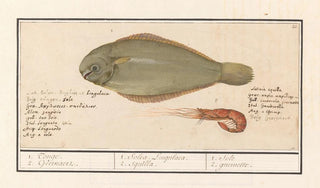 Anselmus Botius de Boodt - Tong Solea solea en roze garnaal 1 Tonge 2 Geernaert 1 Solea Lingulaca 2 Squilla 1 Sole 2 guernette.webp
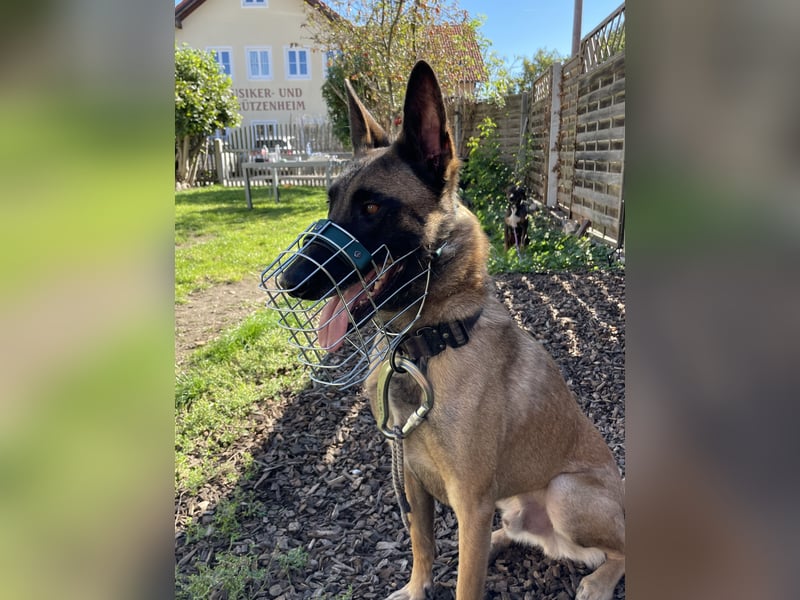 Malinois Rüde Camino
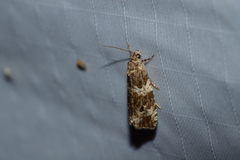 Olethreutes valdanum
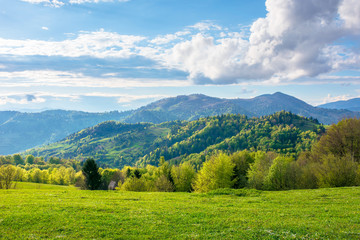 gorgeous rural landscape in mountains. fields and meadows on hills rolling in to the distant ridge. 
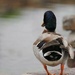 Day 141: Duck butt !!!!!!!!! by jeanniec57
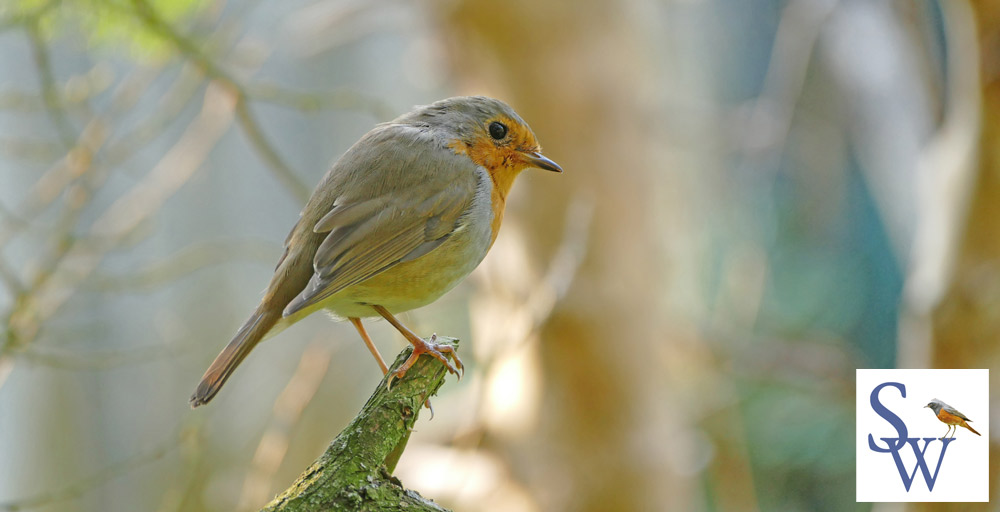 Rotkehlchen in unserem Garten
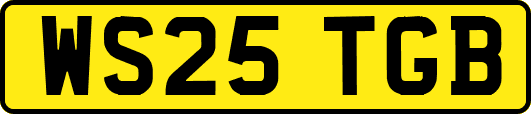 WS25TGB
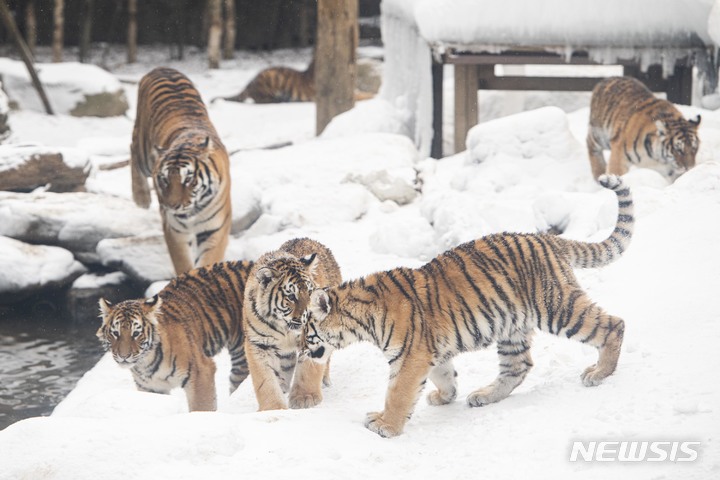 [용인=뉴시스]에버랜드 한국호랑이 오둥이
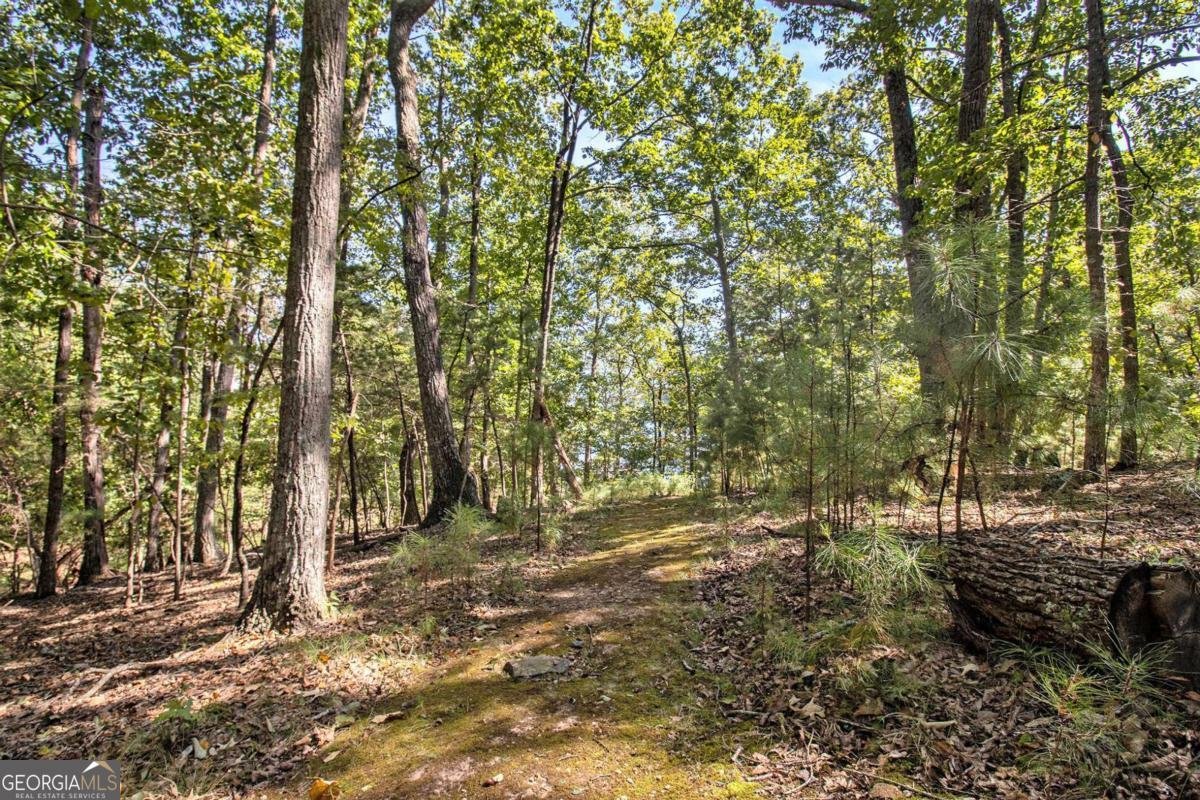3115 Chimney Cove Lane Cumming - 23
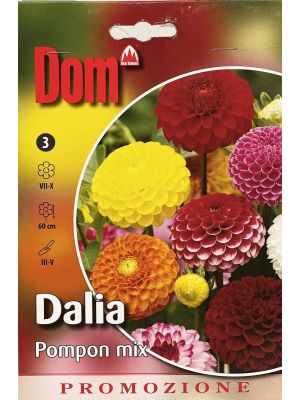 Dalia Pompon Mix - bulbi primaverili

Your goal:
Skipping any pictures, copy the line that holds "Rotkehlchen in unserem Garten" and each line after it through the last line of the records, unchanged, and no other lines.

Solution to the exercise:
 Rotkehlchen in unserem Garten
 WS25TGB
 [용인=뉴시스]에버랜드 한국호랑이 오둥이
3115 Chimney Cove Lane Cumming - 23
 Dalia Pompon Mix - bulbi primaverili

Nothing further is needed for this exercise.